Alcohol and tobacco use is perfectly legal in all states. Cannabis remains illegal under federal law, and remains a serious crime in Michigan, except for about 200,000 medical users registered with the government.  Adult cannabis users continue to go to jail and forfeit property without exhibiting actual bad behaviors. 2015 Michigan State Police data shows 23,893 arrests involving marijuana, which accounted for about 9% of all criminal arrests. 

Your tax dollars sponsor the "War on Drugs." Courthouses, probation departments, state and local police spend scarce time and resources processing marijuana "offenders," making liars and criminals out of people who are neither. Cannabis users are the "low hanging fruit" of the criminal justice industry precisely because ordinary law-abiding citizens use pot; they are a safe and easy arrest.  Nearly 55 million Americans (22%) say they currently use cannabis. Almost 59 million Americans smoke cigarettes. Over 50% of Americans drink (about 25% of Americans prefer beer).

In 2016 voters in four states (California, Maine, Massachusetts and Nevada) approved adult-use recreational marijuana. Colorado and Washington measures passed the first such measures in 2012. In 2017, 20 states have bills pending that would legalize adult-use marijuana: Arizona, Connecticut, Delaware, Georgia, Hawaii, Kansas, Kentucky, Maryland, Minnesota, Mississippi, Missouri, New Hampshire, New Jersey, New Mexico, New York, Pennsylvania, Rhode Island, Utah, Vermont and West Virginia. A bill considered in Hawaii would authorize counties to adopt legal marijuana policies. 22 states and DC have decriminalized small amounts of marijuana, meaning small, personal-consumption amounts are generally a civil or local infraction, not a crime.

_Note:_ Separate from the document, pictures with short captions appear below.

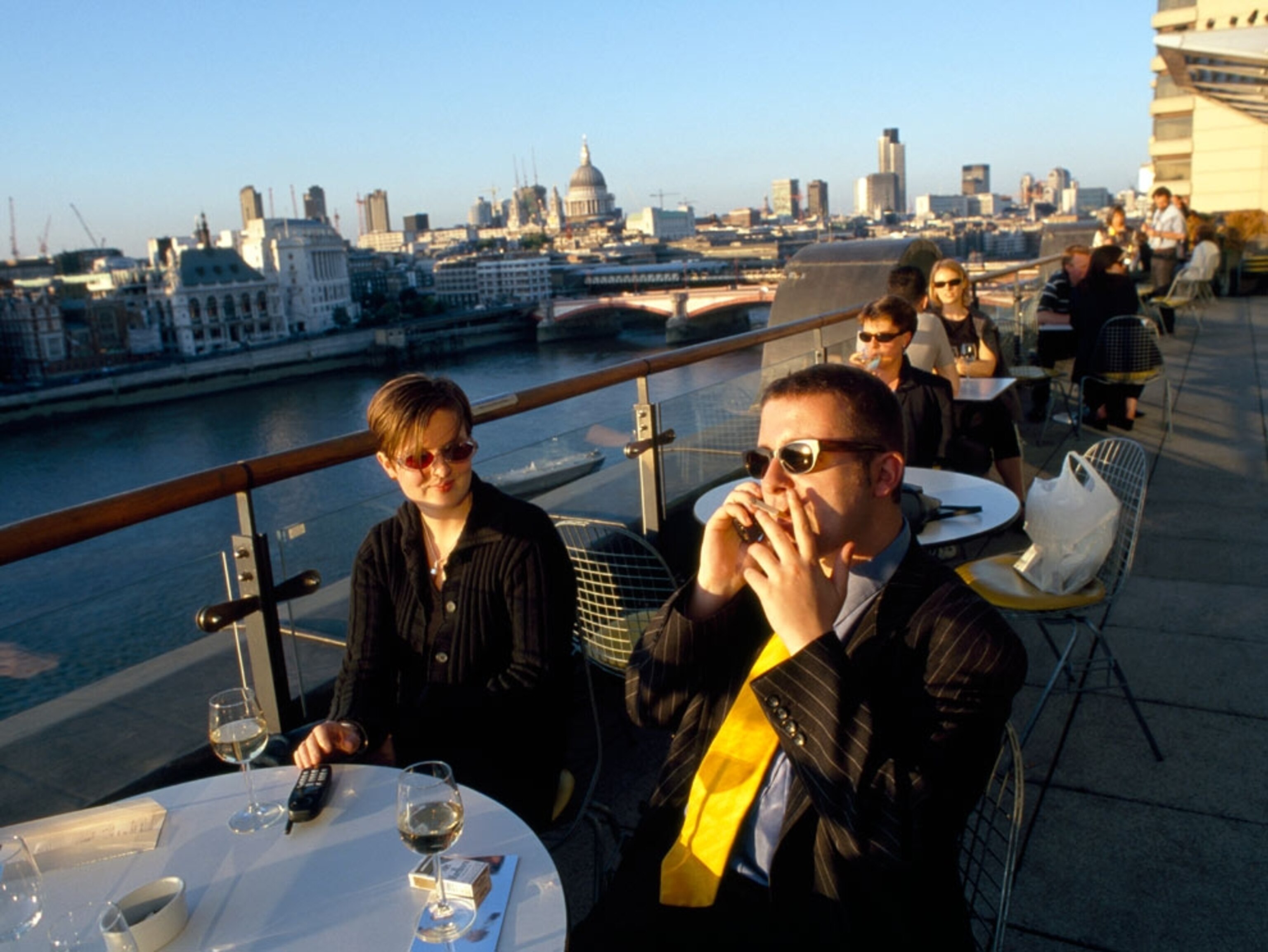 Patrons at a café along a river's edge
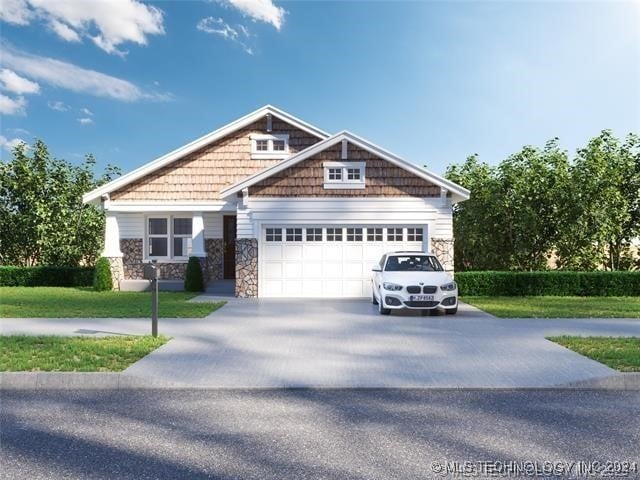 craftsman inspired home featuring a front yard and a garage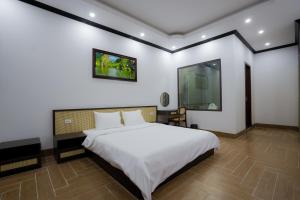 a bedroom with a large white bed in a room at Đậu Homestay Phố Cổ in Ninh Binh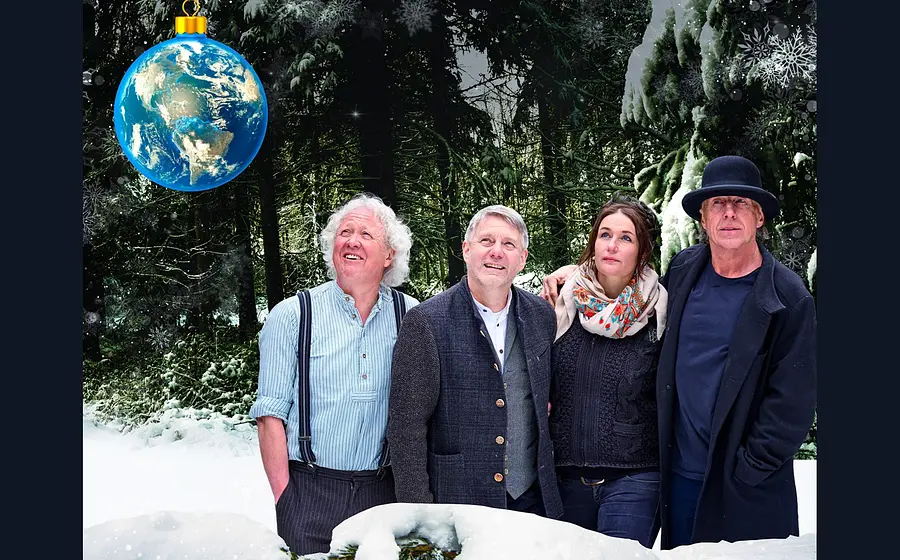 Plakat mit vier Personen in winterlicher Waldlandschaft, die zu einer großen blauen Christbaumkugel in Form der Erde aufblicken, vor verschneiten Bäumen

In Michigan, the Republican party dominated legislature passed the Medical Marijuana Facilities and Licensing Act in 2016 to provide for licensed production and retail sale of Medical marijuana only. The State of Michigan will begin issuing licenses for official medical marijuana dispensaries in mid-December. The 2016 measure stopped short of legalizing adult use for so-called recreational use, and set up an elaborate big-business friendly licensing process, which is absurd because it reinforces a legal fiction; about 95% of registered medical marijuana users complain of subjective symptoms like sever and chronic pain. This "doctor's note" routine is the same rouse that gave drinkers, but not purveyors, a loophole during the last prohibition era.

Now Michigan citizen groups have collected and submitted petition signatures to propose an initiative statute on the November 2018 ballot for voter approval. The proposal would legalize private adult use and possession of cannabis, with an extra 10% cannabis sales tax, while effectively keeping cannabis away from kids, cars, and the public. Adults could grow a dozen plants per household for themselves like beer drinkers make homebrew. Industrial hemp would be a legal farm crop.  

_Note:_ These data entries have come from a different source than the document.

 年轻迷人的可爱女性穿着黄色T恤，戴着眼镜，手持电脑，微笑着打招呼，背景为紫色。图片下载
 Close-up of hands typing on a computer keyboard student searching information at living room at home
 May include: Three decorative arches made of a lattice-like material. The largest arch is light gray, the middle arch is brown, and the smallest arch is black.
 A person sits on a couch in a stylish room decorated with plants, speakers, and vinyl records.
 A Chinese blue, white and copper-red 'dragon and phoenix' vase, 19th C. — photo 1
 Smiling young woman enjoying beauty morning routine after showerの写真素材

Once petition signatures are verified by the state, the proposal would first be forwarded to the legislature for adoption within 40 days, or placement on the ballot next fall. 64 percent of Americans now support legalization, the highest percentage ever in Gallup polling. 51% of Republicans support legalization. 67% of Independents and 72% of Democrats favor of legal marijuana for adults. 

Few serious people doubt the will of the people to legalize cannabis this year, but there are some shady interest groups who are determined to turn back the clock on this important reform for the sake of profits. Review staff encourage all people to contact your state lawmakers and encourage them to pass the initiative proposal now, so that our government can get to work healing the many harmful effects that prohibition has brought upon us.

Prohibition is bad public policy and it challenges the Rule of Law due to its over-reach. Laws that don’t respect people breed people who don’t respect laws. Good government must respect the right of adults to choose cannabis just as others choose beer, wine, and tobacco.

It is high time to end the Cannabis Prohibition Era.